If Japanese food is your guilty pleasure, you‘re easily living in the right place. Davis, despite its distance from any kind of large body of water, has a plethora of Japanese restaurants from buffets to traditional style. However, if you‘re looking for an out of the ordinary Japanese experience, you might want to give Mikuni a try.
Located in the Davis Commons on First Street next to Pluto‘s, Mikuni offers a new take on Japanese food, bringing a cosmopolitan feel that changed the way I thought about Japanese restaurants.
My friend and I went on a Thursday night, and at 5 it was not packed at all.
Out of all my friends, the friend I brought is easily the premier Japanese expert considering the amount of Asian food she consumes.
As you enter Mikuni, you are welcomed by the entire waiting and cooking staff yelling some phrase in Japanese, which I assumed was inviting. They did this with every customer, and despite the numerous times I heard them yell (which got old fast considering the restaurant is quite small) and even asking what it meant, I still could not understand what they said.
The restaurant itself is decorated with a more modern style than any Japanese restaurant that I have been to.
Television sets tuned to various sports channels adorned the walls while the opposite wall had traditional Japanese paintings. Despite the size of the restaurant, there were many tables inside and outside, allowing Mikuni to accommodate many customers. With all the commotion from the TVs, music and people, I found it difficult to carry out a conversation.
Unlike other Japanese restaurants, Mikuni has a fully stocked bar. Although neither of us are 21 just yet, it seemed like eight dollars for a specialty drink was a little steep for the average college students. Beers were moderately priced at about four dollars, depending on type.

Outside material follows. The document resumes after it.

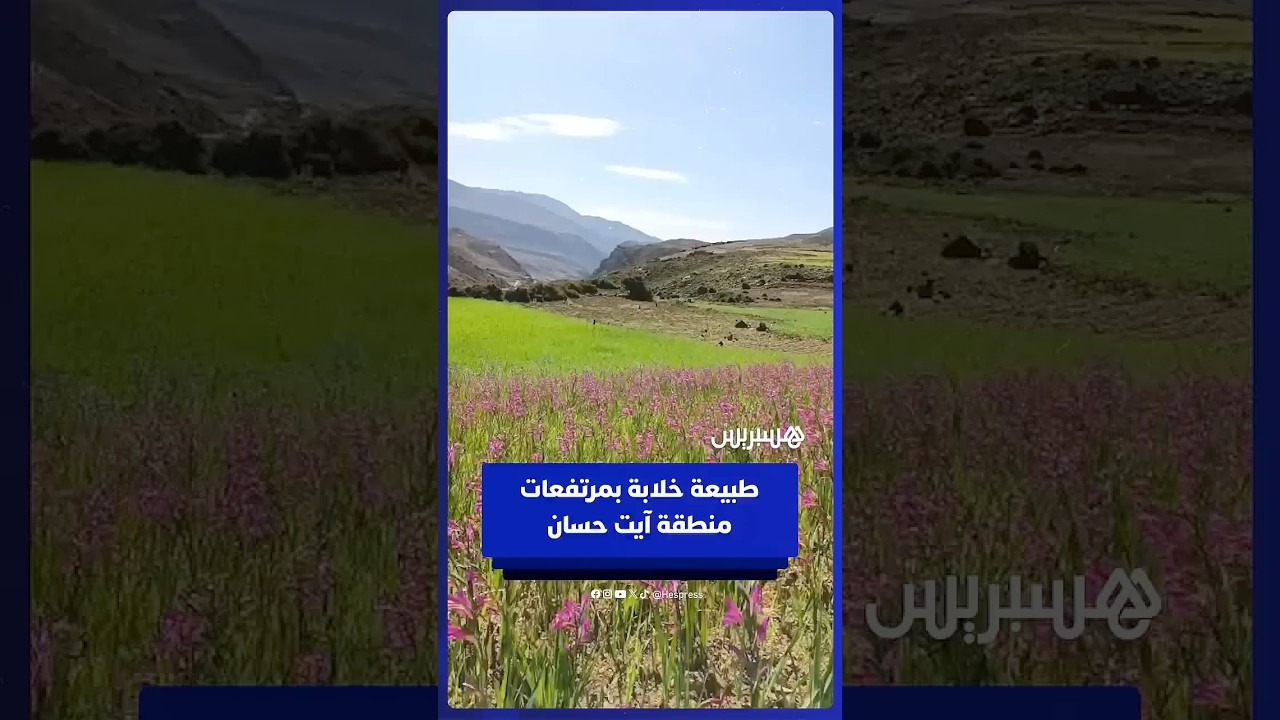 طبيعة خلابة بمرتفعات منطقة آيت حسان بالأطلس المتوسط الشرقي thumbnail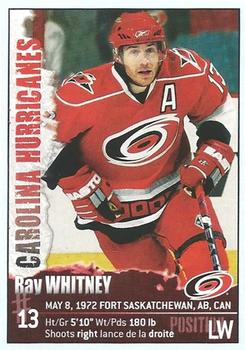 2009-10 Panini Stickers #49 Ray Whitney Front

However, Mikuni does not stray from traditional style in regards to the sushi bar. With only a few seats, patrons can sit and watch their rolls from beginning to creation.
My friend often does not stray from her usual Japanese cuisine; however, she soon realized that Davis Mikuni‘s does not offer Bento boxes. For those of you who are not Japanese savvy, Bento boxes are complete meals the offer a main entrée and two sides.
Disappointed, she instead ordered the Teriyaki salmon for $16 and had to order a side of vegetable tempura, miso soup and white rice for an additional $10, making just her meal a whopping $26. Other Japanese restaurants in Davis provide these side dishes and it is included in the price, and my friend and I agreed that this would be strike one.
I ordered the Japanese Mafia roll, which at $14 was a little over my budget but I figured I would splurge a little bit. Most rolls were between $10 and $12, and Mikuni does provide a wide variety of different rolls.
The Japanese Mafia Roll was a California roll with shrimp, avocado, cream cheese and salmon, covered in two special sauces. For $14, I had pretty high expectations. Mikuni also provides other rolls that are as comically named as they are delicious such as the Marilyn Monroll and the Puff Daddy.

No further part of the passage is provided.